“Belli ciao…”, i guardiani della partitocrazia. Ci pensa la destra a promuovere l’articolo 1
L’ultimo che ha provato a spiegarglielo, non senza un moto di sconforto, è stato Massimo Cacciari: «Pensare che qui da noi bastino l’antifascismo e “Bella Ciao” è patetico». La risposta di Elly Schlein & co? La “mezza” piazza (qualche centinaio i presenti raccontati qui dal Secolo) di ieri in piazza Santi Apostoli contro il premierato e l’autonomia differenziata, con l’invocazione proprio della lotta al fantasma del fascismo come unica ragion politica di quella che è stata e rimane una non-coalizione. Eh già: da quelle parti non riescono proprio a pensare a qualcosa che somigli a un’alleanza programmatica, a una visione di società, che non si esaurisca nella retorica antifascista fischiettando “Bella ciao”. Via dunque alla «patetica» riproposizione dell’uguale: almeno fin dalla disastrosa campagna elettorale per le Politiche 2022. Quella che come “brillante” risultato non ha certo sbarrato la strada del governo della Nazione, per la prima volta della storia repubblicana, agli eredi del Msi-An. Con una donna alla guida di Palazzo Chigi, anch’essa per la prima volta nella storia della Repubblica.
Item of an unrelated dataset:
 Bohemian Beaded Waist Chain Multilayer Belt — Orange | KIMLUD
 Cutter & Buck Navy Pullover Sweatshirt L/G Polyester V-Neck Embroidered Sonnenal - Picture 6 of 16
Beffa nella beffa che certifica come la sinistra italiana stia vivendo da anni un giorno della marmotta nel quale si risveglia sempre al punto di partenza. Con un incubo in più: ciò non vale per la destra, che invece sviluppa e accresce il proprio progetto sociale (FdI, forza interclassista, è il partito più votato dagli operai) e politico (le riforme strutturali) in Italia e in Europa. E, come dimostra il caso francese, dall’Italia al resto Europa. Mentre nell’altra sponda, parola di Stefano Folli su Repubblica, il campo largo – elezione dopo elezione – si è ristretto in un «campetto». Sempre più rosso perché senza centro (vittima della rissa perenne fra Carlo Calenda e Matteo Renzi) e sempre meno “giallo”: dato che il M5S è stato cannibalizzato dal Pd. E l’unica reazione che i grillini conoscono, davanti a una difficoltà, sarà sempre quella: il «Vaffa».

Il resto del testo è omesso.